◆ **Data for review**
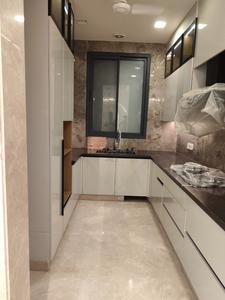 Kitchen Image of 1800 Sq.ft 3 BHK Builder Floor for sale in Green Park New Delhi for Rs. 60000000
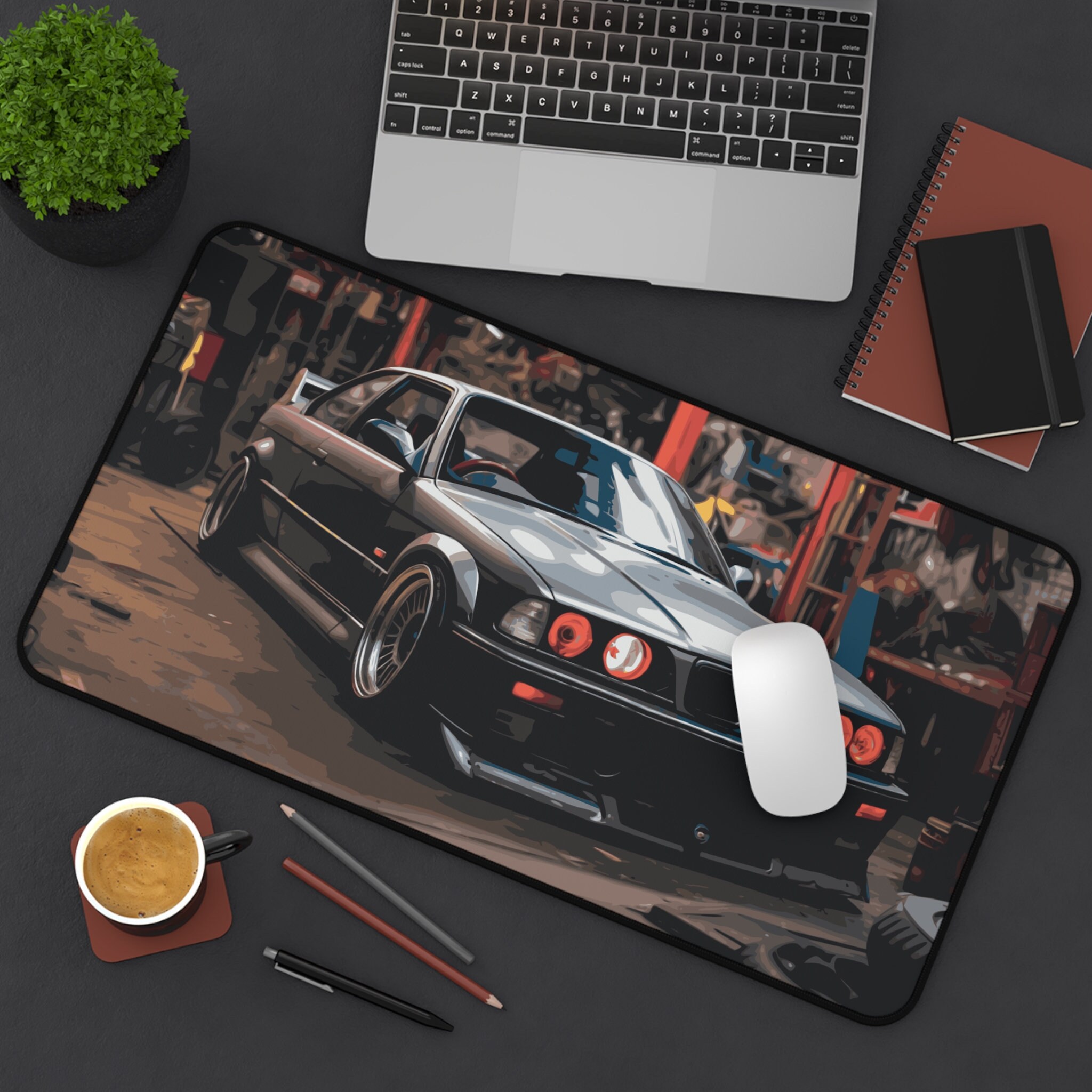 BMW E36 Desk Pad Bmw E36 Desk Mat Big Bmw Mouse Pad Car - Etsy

...

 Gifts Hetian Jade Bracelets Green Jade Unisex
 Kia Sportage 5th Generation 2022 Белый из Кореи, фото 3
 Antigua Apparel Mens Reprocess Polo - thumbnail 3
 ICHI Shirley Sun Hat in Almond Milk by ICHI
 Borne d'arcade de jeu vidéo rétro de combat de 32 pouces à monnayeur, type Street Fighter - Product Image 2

◆ **What the task requires**
Set the pictures aside and retype exactly the lines above from the line with "Kitchen Image of" to the line with "BMW E36 Desk Pad", both included, adding no others.

◆ **Finished exercise**
 Kitchen Image of 1800 Sq.ft 3 BHK Builder Floor for sale in Green Park New Delhi for Rs. 60000000
 BMW E36 Desk Pad Bmw E36 Desk Mat Big Bmw Mouse Pad Car - Etsy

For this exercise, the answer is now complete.